Eine Anlaufstelle für Ideen
Sie brauchen eine Anlaufstelle, damit sie ihre eigenen Netzwerke in den Kommunen und Landkreisen stärken. Die Energiewende ist eine dezentrale Aufgabe, und sie spricht sich in den Dörfern, Städten, Regionen und Ländern herum. Die Photovoltaik als tragende Säule unseres Energiesystems zu kommunizieren, gehört zur täglichen Aufgabe der Solarunternehmen und der Bürgerinitiative.

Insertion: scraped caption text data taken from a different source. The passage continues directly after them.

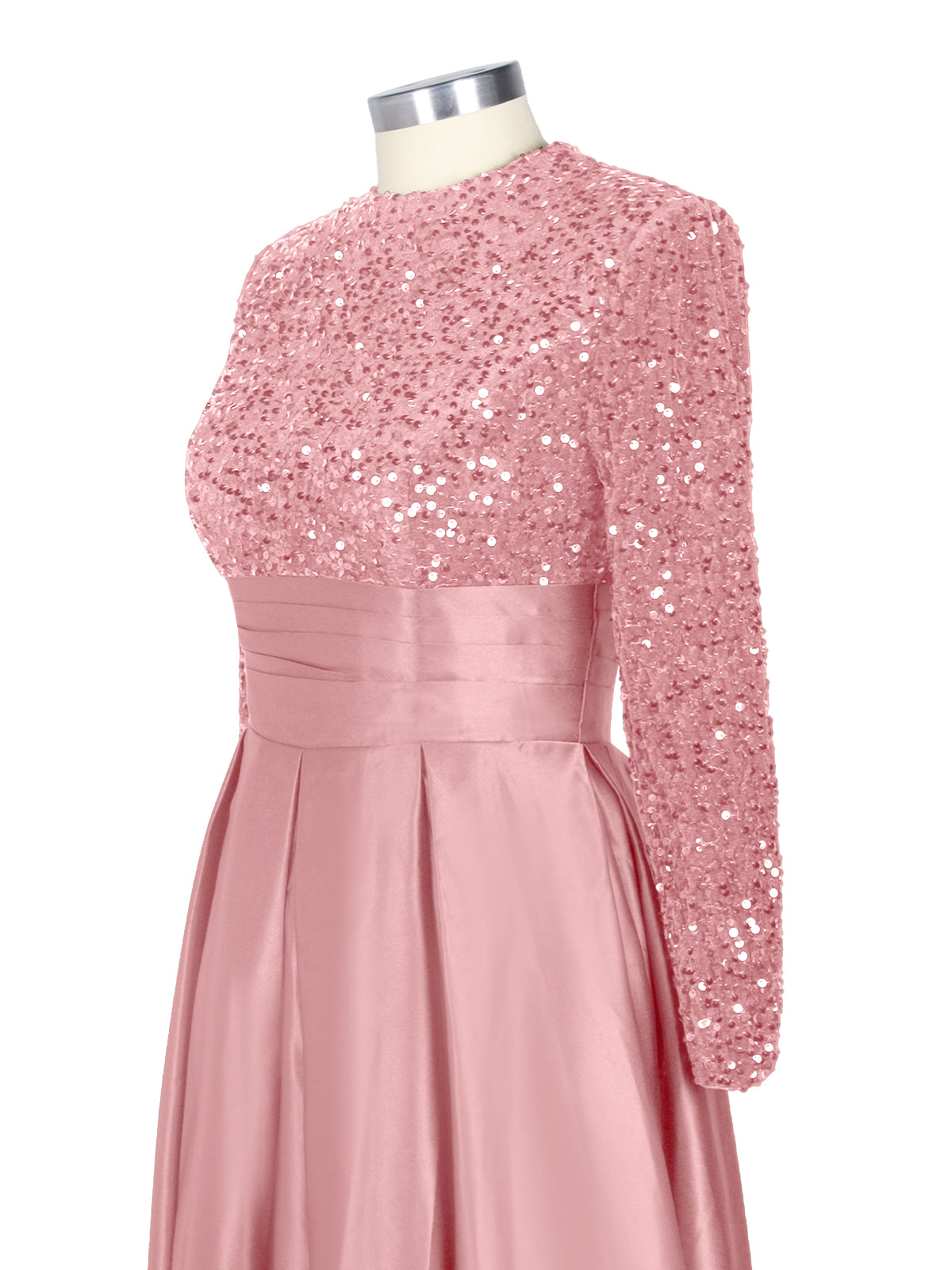 Sequined Boat Long Sleeves Dress 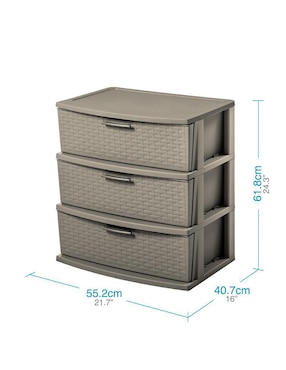 Cajonera armable 3 niveles Organizador multiusos infinity MQ de plástico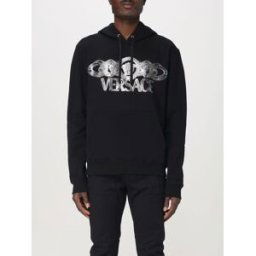 Versace Felpa in cotone con logo Nero Taglia XL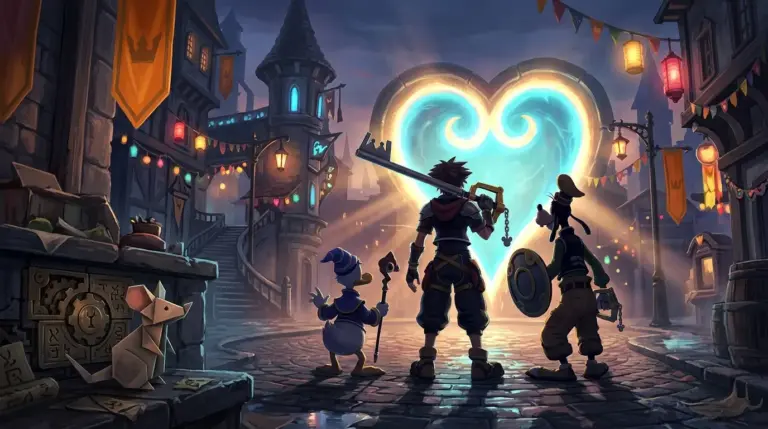 Fantasy game heroes face a glowing heart-shaped portal in a cinematic Kingdom Hearts-inspired scene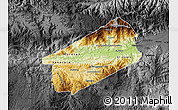 Physical Map of El Progreso, darken, desaturated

Davon hängen Umsatz, Marge und die Auftragslage wesentlich ab. Jeder Photovoltaikinstallateur sollte seine Abgeordneten kennen, Bürgermeister und Landräte mit Informationen versorgen und aktiv für neue Solarflächen werben. Denn die Energiewende wird mit Worten nur vorbereitet. Entscheidend ist jedes neue Kilowatt, das auf die Dächer kommt.
Bisher wenig Bedarf
Bislang war die Sonnenwende beinahe ein Selbstläufer. Nun kommt die Branche nicht nur im wirtschaftlichen Alltag an, sondern auch im politischen Tagesgeschäft. Es geht ums Ganze. Dabei können die Akteure in der Photovoltaik auf Botschaften bauen, die jedem Menschen mit gesundem Verstand einleuchten. Sie in politische Entscheidungen umzusetzen, bedarf vor allem der Basisarbeit. Der Verband und das neue Aktionsbündnis müssen die Installateure und Planer vor Ort beraten, ihnen Botschaften, Werbemittel und Leitfäden für die regionale Arbeit zur Verfügung stellen. Es gehört nun einmal nicht zu den Kernkompetenzen des Installateurs, mit dem Landrat oder der Abgeordneten essen zu gehen. So etwas lernt man nicht auf der Berufsschule oder im Meisterlehrgang. Doch gerade die Energiewende ist ein politisches Geschäft. Ein Netzwerk mit politischen und wirtschaftlichen Entscheidungsträgern zu spinnen, ist für den Erfolg der Installationsbetriebe und Architekten wesentlich. Denn da draußen warten genug Dächer für mehr als 200 Gigawatt.